All lines from the one containing "450x306 Kids At" to the end of the data below are to be returned exactly, both ends included, with nothing added.

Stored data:
- - -

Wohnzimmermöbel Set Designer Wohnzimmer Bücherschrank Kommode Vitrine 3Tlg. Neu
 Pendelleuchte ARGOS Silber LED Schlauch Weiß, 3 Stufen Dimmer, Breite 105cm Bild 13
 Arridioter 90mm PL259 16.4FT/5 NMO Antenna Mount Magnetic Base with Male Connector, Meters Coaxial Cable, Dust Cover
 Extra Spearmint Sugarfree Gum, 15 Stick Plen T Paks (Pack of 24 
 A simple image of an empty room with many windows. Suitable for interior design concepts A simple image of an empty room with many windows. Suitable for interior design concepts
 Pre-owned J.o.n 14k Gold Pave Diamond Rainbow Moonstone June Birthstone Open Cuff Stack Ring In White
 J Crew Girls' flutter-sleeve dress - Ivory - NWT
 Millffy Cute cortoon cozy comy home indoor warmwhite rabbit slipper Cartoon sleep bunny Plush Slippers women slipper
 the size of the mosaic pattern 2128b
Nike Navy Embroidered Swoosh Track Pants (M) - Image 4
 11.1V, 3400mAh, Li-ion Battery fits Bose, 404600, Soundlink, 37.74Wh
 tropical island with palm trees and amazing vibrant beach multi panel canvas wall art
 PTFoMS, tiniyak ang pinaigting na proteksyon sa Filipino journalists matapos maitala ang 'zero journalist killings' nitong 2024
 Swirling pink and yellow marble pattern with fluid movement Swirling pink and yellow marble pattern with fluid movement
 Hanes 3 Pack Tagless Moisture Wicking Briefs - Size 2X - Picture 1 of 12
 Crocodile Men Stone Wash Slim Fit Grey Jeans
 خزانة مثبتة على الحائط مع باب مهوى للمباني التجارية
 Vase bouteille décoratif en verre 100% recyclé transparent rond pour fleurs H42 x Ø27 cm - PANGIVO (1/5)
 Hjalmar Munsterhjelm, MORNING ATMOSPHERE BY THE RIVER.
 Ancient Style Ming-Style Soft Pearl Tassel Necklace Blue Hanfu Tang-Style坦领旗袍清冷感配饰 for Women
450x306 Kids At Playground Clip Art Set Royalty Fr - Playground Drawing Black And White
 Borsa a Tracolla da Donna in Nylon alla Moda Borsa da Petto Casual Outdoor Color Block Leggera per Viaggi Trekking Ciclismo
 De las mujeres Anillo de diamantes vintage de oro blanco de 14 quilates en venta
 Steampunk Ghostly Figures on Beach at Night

- - -

> [Final answer]
450x306 Kids At Playground Clip Art Set Royalty Fr - Playground Drawing Black And White
 Borsa a Tracolla da Donna in Nylon alla Moda Borsa da Petto Casual Outdoor Color Block Leggera per Viaggi Trekking Ciclismo
 De las mujeres Anillo de diamantes vintage de oro blanco de 14 quilates en venta
 Steampunk Ghostly Figures on Beach at Night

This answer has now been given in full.